British regulators will take a closer look at the competitive impact of the planned merger between Lenxea-based BATS Global Markets and a European exchange.
BATS agreed in February to acquire Chi-X Europe and needs clearance from the United Kingdom’s Office of Fair Trading, which oversees consumer and competition issues.
An announcement from the agency said it referred the matter to its Competition Commission, which will delay the review.
At issue is whether competition would suffer from a merger between two of the three pan-European equity markets.
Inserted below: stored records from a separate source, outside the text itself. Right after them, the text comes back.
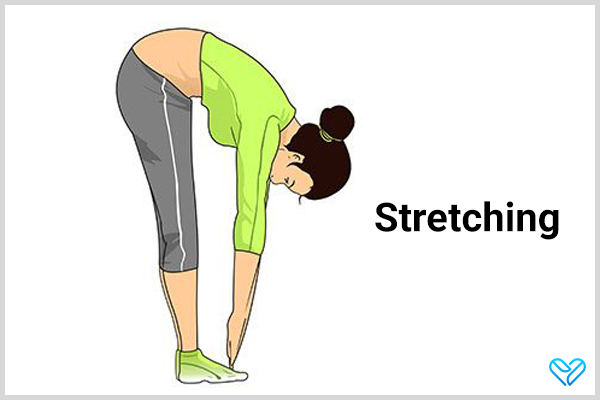 perform hamstring stretches to strengthen your knees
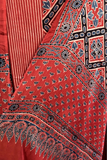 Crimson Bloom Ajrakh Suit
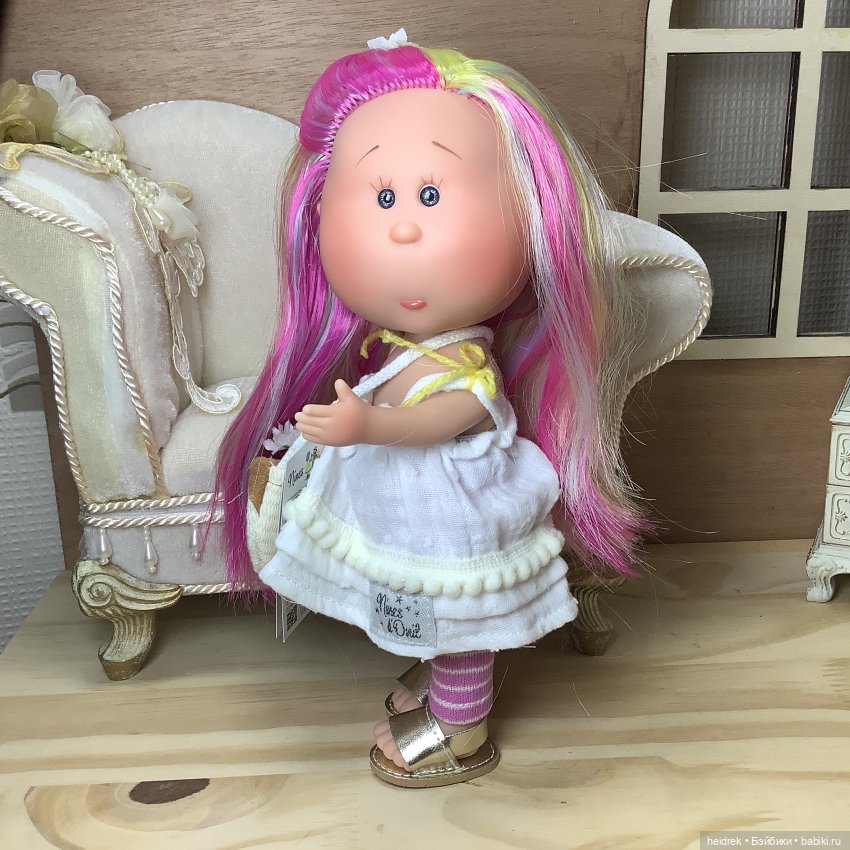 Розовые мини Мии: радужная и с беретом (фото 3)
These allow investors to trade stocks across Europe from one trading platform, rather than at each local market.
BATS and Chi-X compete in this way not only with the London Stock Exchange but also each other.
“Although the evidence is mixed, the OFT (Office of Fair Trading) believes that there is a realistic prospect that, absent the merger, the parties would going forward have competed more strongly against each other, as well as competing against the LSE (London exchange),” said a statement from the agency.
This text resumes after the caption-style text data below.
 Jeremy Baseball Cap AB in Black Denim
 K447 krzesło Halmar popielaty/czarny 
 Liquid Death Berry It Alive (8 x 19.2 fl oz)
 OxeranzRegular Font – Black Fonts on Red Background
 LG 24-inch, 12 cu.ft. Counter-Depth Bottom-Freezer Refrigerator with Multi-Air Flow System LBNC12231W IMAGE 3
It noted, however, that this referral had not been driven by complaints.
The Competition Committee expects to report its findings by Dec. 2 but may extend the 24-week review if needed.
A joint statement from BATS and Chi-X acknowledged the decision but the CEO of Chi-X said he was disappointed by the referral for further study.
Joe Ratterman, CEO of BATS, said in the statement, “BATS’ establishment was based on the need for competition and our purpose for combining BATS Europe and Chi-X Europe is to raise the level of competition in Europe’s securities markets.”